Die Thüringer SPD-Spitze entschied sich mit der Empfehlung für Rot-Rot-Grün gegen ebenfalls mögliche Koalitionsverhandlungen mit der CDU. Bausewein informierte nach eigenen Angaben am Montag zunächst die amtierende Ministerpräsidentin Christine Lieberknecht (CDU) über die Entscheidung und erst danach die Verhandlungsführer von Linken und Grünen. Sowohl eine schwarz-rote Koalition als auch Rot-Rot-Grün hätte im Thüringer Landtag nur eine hauchdünne Mehrheit von einer Stimme.

In den vergangenen Wochen hatten die Parteien in mehreren Sondierungsgesprächen die Möglichkeiten für beide Bündnisse ausgelotet. Die Spitze der Thüringer Linken gab bereits vergangene Woche grünes Licht für Koalitionsverhandlungen mit SPD und Grünen. Die Grünen wollen am Donnerstag über die Aufnahme von gemeinsamen Koalitionsgesprächen entscheiden.

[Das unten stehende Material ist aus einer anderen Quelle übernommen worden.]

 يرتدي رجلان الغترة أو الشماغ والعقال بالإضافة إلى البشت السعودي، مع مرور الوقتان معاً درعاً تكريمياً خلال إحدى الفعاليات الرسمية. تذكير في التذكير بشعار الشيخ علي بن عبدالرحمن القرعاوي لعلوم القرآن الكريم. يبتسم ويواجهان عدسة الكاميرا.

Die Landesvorsitzende der Thüringer Linken, Susanne Hennig-Wellsow, begrüßte die Entscheidung des SPD-Vorstands. "Ich freue mich über das eindeutige Votum. Das ist ein klares Signal für den Regierungswechsel", erklärte Hennig-Wellsow. Die Sondierungen hätten gezeigt, dass es viele Gemeinsamkeiten zwischen den drei Parteien gebe.

Der CDU-Innenexperte Wolfgang Bosbach kritisierte die Entscheidung der Thüringer SPD-Spitze hingegen scharf. Es sei eine "bittere Pointe der Geschichte", wenn die SPD ausgerechnet zum 25. Jahrestag des Mauerfalls mit ihren Stimmen den Linken Bodo Ramelow zum Ministerpräsidenten von Thüringen wählen würde, sagte Bosbach der "Neuen Osnabrücker Zeitung". "Den Kandidaten der SED-Nachfolgepartei in diesem Regierungsamt zu sehen, wäre ein bitterer Moment für die Opfer des DDR-Regimes", fügte er hinzu.